Yazarlar Günün Köşe Yazıları Spor Konuk Yaşam Tüm Yazarlar
Hekimlik
PROF. DR. CENGİZ KUDAY
Amerika ve Avrupa ve hatta bütün dünya küçük bir virüs karşısında aciz kaldı. Fakat bugün bütün dünyada olanaksızlıklara rağmen sağlık elemanları bu savaşta dövüşüyor, hastalanıyor ve ölüyorlar.
Hekimlik bir yaşam şeklidir. Tanrı’nın en büyük mucizesi
olan insan denen canlıya dokunma ve onun geleceği için işlem yapma şansına ve
ayrıcalığına sahiptir. Hekimlik kalp kasının çalışmasına benzer: yavaşlaması
söz konusu değildir. Ya hep çalışır ya da hepten durur. Dün olduğu gibi bugün
ve yarın da hastasının bedenine, ruhuna ve mahrem sırrına erişen hekimler tarih
boyunca kutsal varlıklar olarak kabul edilmiştir.
Fakat hekimler için bu ayrıcalıklı durum, günümüzde ve
bilhassa ülkemizde yanlış değerlendirmeler ve popülist davranışlarla yara
almıştır. Bütün bunlara rağmen ülkemizde hekimler birçok sosyal olayda hep öncü
olmuşlardır. Savaşta ve barışta hep öncülük yapmışlardır. (23 Mayıs 1919 da
İzmir işgalini protesto etmek için Sultanahmet’te 200 bin kişinin katıldığı
mitingin organizasyonu ve benzer etkinliklerinin öncüleri hekimlerdir.) Daha
önce de talebe oldukları halde ülke uğruna hem asker hem sağlıkçı olmak üzere
cephelere koşmuş, hizmet etmişlerdir.
Cumhuriyetin sağlık mucizesi
Cumhuriyetin ilk yıllarında bütün olanaksızlıklara karşı,
canla başla ülkenin gerçekleri ile savaşmışlardır. O zaman ki nüfus 13 milyon;
11 milyon kişi köyde yaşıyor, toplam köy 40 bin; 38 bininde okul yok. 2 milyon
kişi sıtma; 1 milyon kişi frengi verem veya tifüs, tifo; 3 milyon kişi
trahomlu. Bebek ölüm oranı binde 480, yani yarı yarıya. Bütün ülkedeki doktor
sayısı 337, eczacı sayısı 60, diş hekimi yok, diplomalı hemşire 4 kişi, 40 bin
köyde toplam ebe sayısı 136; ortalama yaş 40.

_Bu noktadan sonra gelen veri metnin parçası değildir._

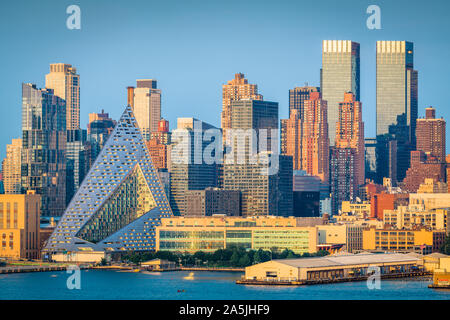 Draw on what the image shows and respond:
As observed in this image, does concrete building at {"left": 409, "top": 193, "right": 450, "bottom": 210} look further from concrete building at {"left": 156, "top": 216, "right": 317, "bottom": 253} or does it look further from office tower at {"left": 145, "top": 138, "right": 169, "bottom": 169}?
concrete building at {"left": 156, "top": 216, "right": 317, "bottom": 253}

Bütün bu olanaksızlıklarda ve salgın hastalıklar zamanında
genç Cumhuriyetin yetiştirdiği çok az sayıda saygı ve rahmetle andığımız
hocalarımız; Cumhuriyetin genç öncü doktorları, köy köy, kasaba kasaba, şehir
şehir dolaşarak, bataklıkları canları pahasına kurutarak sıtmayı, genç
Cumhuriyet verem dispanserleri açarak veremi, göz taramaları yaparak trahomayı
ve çocuk aşı oranlarını artırarak çocuk ölümlerini asgari miktara indirdiler.
Bugün COVID-19 denen bir bela ile tüm dünya karşı karşıya ve hazırlıksız. Bir
söz vardır; Savaşta tahkimatla yapılan bir yanlış, savaşın sonucunu belirler.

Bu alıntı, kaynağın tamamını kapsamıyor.